Si Jean-Luc Mélenchon a pu aborder des thèmes de son programme comme l'avenir du système de retraites ou l'écologie en deuxième partie d'émission, l'impact n'a pas été le même auprès des potentiels électeurs. La première partie de l'émission dédiée au débat face à Eric Zemmour a été jusqu’à réunir près de 2 millions de téléspectateurs, tandis que la seconde partie n'a réuni que 989 000 téléspectateurs.

"Jean-Luc Mélenchon est tombé dans un piège au service d'Éric Zemmour, avec une émission articulée pour lui. C'est le sens de la colère de Raquel Garrido, qui s'en rend compte en pleine émission. Mélenchon a eu tort de penser qu'il pouvait peser dans cette émission et s'est retrouvé à parler des thèmes forts d'Éric Zemmour au moment où l'audience est la plus importante", analyse Alexis Lévrier qui pointe du doigt le poids du groupe de presse de Vincent Bolloré, dans la candidature de l'ancien polémiste.

Des émissions au service de Zemmour ?

Un sentiment couché sur le papier par le candidat Insoumis, au lendemain dans l'émission, sur son blog. "Quand une séquence qui devait durer vingt minutes avec Zemmour au lieu de dix par faveur de l’antenne et qui dure pour finir une heure dix, on a du mal à ne pas avoir le sentiment de s’être fait manœuvrer", écrit notamment Jean-Luc Mélenchon.
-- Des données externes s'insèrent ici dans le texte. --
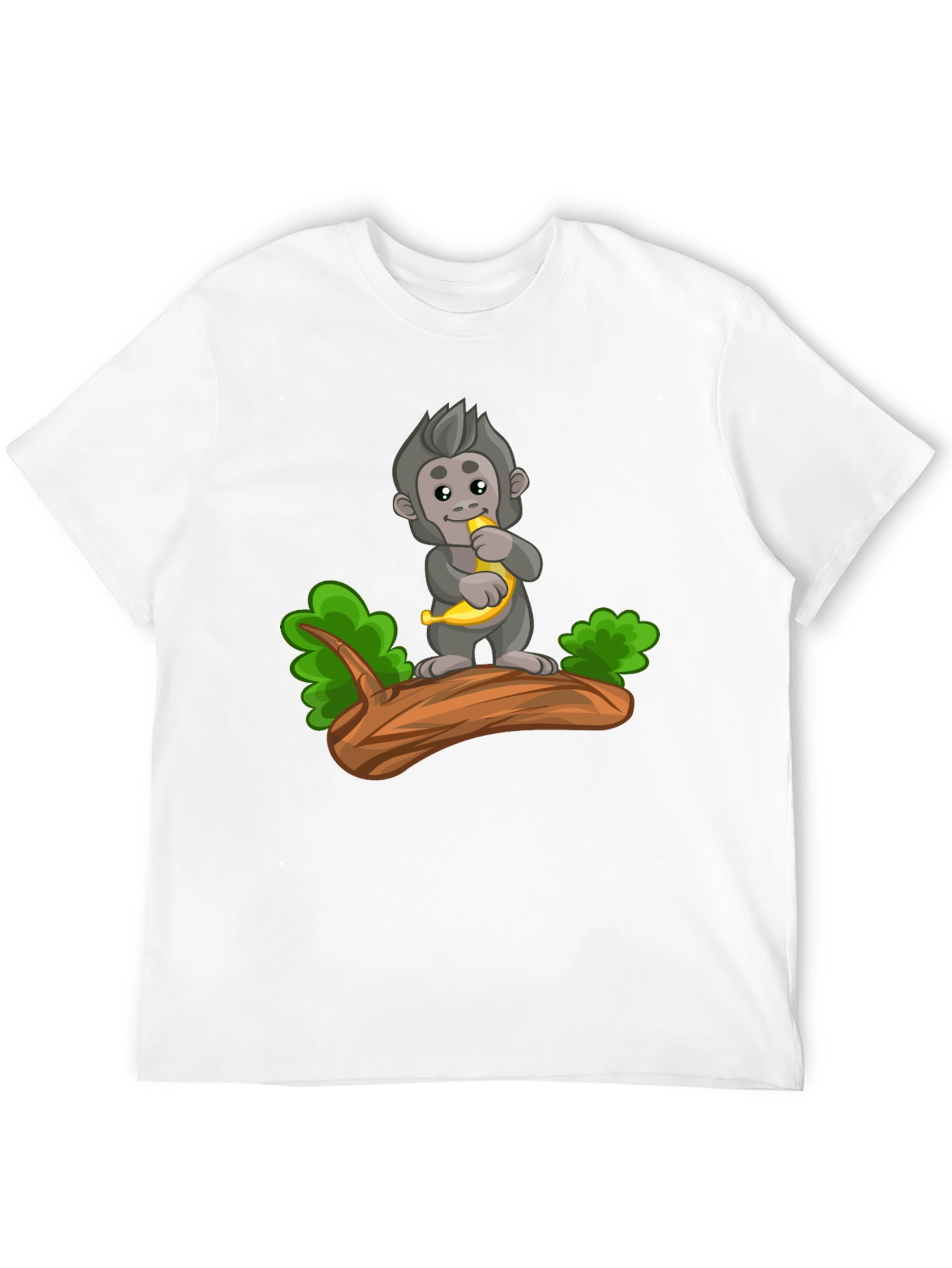 Black Monkey Banana Cartoon Black T-Shirt view 12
Un mécanisme qui n'a rien de surprenant aux yeux d'Alexis Lévrier. "'Face à Baba', 'Face à la rue', 'Face à l'info', ce sont toutes des émissions qui sont articulées autour de la personne d'Éric Zemmour. Dans la galaxie Bolloré au service de Zemmour, Hanouna prend toute sa part dans cette "machine à fabriquer zemmouriste", en rendant sympathique Zemmour, en traitant de sujets graves comme le racisme avec légèreté, ce qui le banalise", poursuit Alexis Lévrier.

Les regrets de Mélenchon

Conscient de s'être fait piéger, Jean-Luc Mélenchon assure qu'on ne l'y reprendra plus. "ne plus jamais accepter aucune émission sans garantie sérieuse d’équilibre, quitte à annuler une heure avant ou à quitter un plateau en cours de route", poursuit sur son blog le candidat. "Il tente de retourner ce piège à son avantage en se présentant comme un résistant face au retour des heures sombres. La stratégie est intelligente, mais à mon sens elle n'effacera pas l'effet produit par l'émission d'hier", poursuit Alexis Lévrier.
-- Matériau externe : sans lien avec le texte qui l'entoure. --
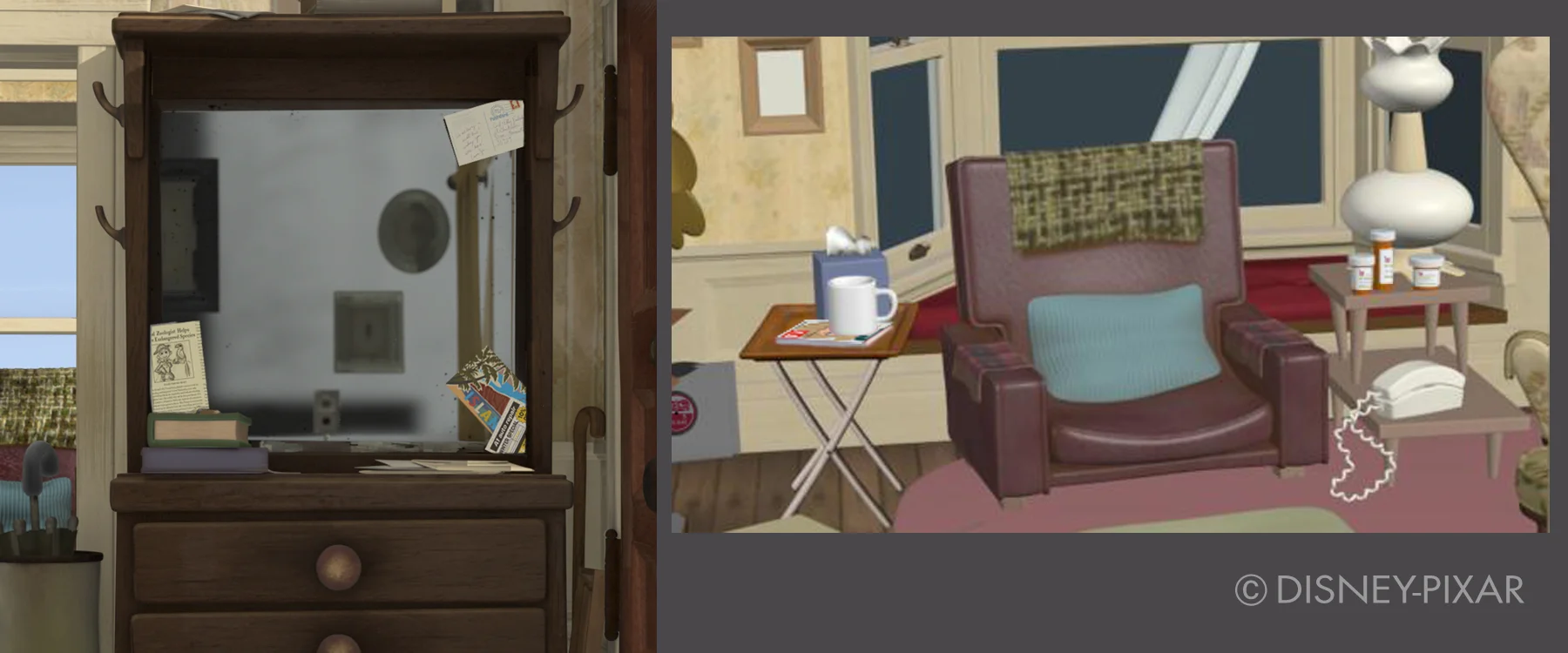Layout screen shots of Carl's front foyer and living room for graphics placement.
Refuser les invitations dans l'émission d'Hanouna, ou plus globalement sur les chaînes du groupe Bolloré (C8 et CNews), c'est la stratégie adoptée par plusieurs candidats dont la socialiste Anne Hidalgo. En octobre 2019, c'était LFI qui annonçait boycotter CNews en raison de la présence de Zemmour à l'antenne.

Tous les candidats "piégés" ?

Valérie Pécresse (LR) et Marine Le Pen (RN) ont toutes deux refusé d'être face à Jean-Luc Mélenchon, mais participeront plus tard à "Face à Baba", selon l'animateur.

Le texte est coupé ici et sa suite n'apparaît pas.